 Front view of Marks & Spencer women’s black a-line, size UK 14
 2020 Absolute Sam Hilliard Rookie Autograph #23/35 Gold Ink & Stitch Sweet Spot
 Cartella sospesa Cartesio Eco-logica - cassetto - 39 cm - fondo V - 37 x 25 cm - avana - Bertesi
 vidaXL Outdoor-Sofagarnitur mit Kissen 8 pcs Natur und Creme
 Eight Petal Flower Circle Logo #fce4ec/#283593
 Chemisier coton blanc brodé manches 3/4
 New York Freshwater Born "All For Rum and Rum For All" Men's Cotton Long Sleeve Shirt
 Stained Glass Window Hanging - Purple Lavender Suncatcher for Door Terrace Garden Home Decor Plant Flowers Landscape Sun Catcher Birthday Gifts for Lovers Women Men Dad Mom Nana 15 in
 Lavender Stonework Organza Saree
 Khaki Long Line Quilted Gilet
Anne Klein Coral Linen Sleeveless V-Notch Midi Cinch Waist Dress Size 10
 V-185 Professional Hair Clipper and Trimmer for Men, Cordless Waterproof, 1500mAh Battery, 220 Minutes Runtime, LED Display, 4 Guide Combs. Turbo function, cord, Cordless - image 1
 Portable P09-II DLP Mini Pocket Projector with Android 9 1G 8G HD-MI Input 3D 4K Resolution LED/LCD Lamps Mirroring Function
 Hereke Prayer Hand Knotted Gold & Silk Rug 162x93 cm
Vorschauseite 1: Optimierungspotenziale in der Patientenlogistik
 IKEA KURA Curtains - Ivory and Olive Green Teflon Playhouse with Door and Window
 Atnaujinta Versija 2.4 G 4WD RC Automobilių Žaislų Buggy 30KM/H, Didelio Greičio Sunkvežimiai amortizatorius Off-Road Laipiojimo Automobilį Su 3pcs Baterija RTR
####
ASSIGNMENT
Your reply must be a faithful copy of each entry above.

FINISHED TASK
 Front view of Marks & Spencer women’s black a-line, size UK 14
 2020 Absolute Sam Hilliard Rookie Autograph #23/35 Gold Ink & Stitch Sweet Spot
 Cartella sospesa Cartesio Eco-logica - cassetto - 39 cm - fondo V - 37 x 25 cm - avana - Bertesi
 vidaXL Outdoor-Sofagarnitur mit Kissen 8 pcs Natur und Creme
 Eight Petal Flower Circle Logo #fce4ec/#283593
 Chemisier coton blanc brodé manches 3/4
 New York Freshwater Born "All For Rum and Rum For All" Men's Cotton Long Sleeve Shirt
 Stained Glass Window Hanging - Purple Lavender Suncatcher for Door Terrace Garden Home Decor Plant Flowers Landscape Sun Catcher Birthday Gifts for Lovers Women Men Dad Mom Nana 15 in
 Lavender Stonework Organza Saree
 Khaki Long Line Quilted Gilet
Anne Klein Coral Linen Sleeveless V-Notch Midi Cinch Waist Dress Size 10
 V-185 Professional Hair Clipper and Trimmer for Men, Cordless Waterproof, 1500mAh Battery, 220 Minutes Runtime, LED Display, 4 Guide Combs. Turbo function, cord, Cordless - image 1
 Portable P09-II DLP Mini Pocket Projector with Android 9 1G 8G HD-MI Input 3D 4K Resolution LED/LCD Lamps Mirroring Function
 Hereke Prayer Hand Knotted Gold & Silk Rug 162x93 cm
Vorschauseite 1: Optimierungspotenziale in der Patientenlogistik
 IKEA KURA Curtains - Ivory and Olive Green Teflon Playhouse with Door and Window
 Atnaujinta Versija 2.4 G 4WD RC Automobilių Žaislų Buggy 30KM/H, Didelio Greičio Sunkvežimiai amortizatorius Off-Road Laipiojimo Automobilį Su 3pcs Baterija RTR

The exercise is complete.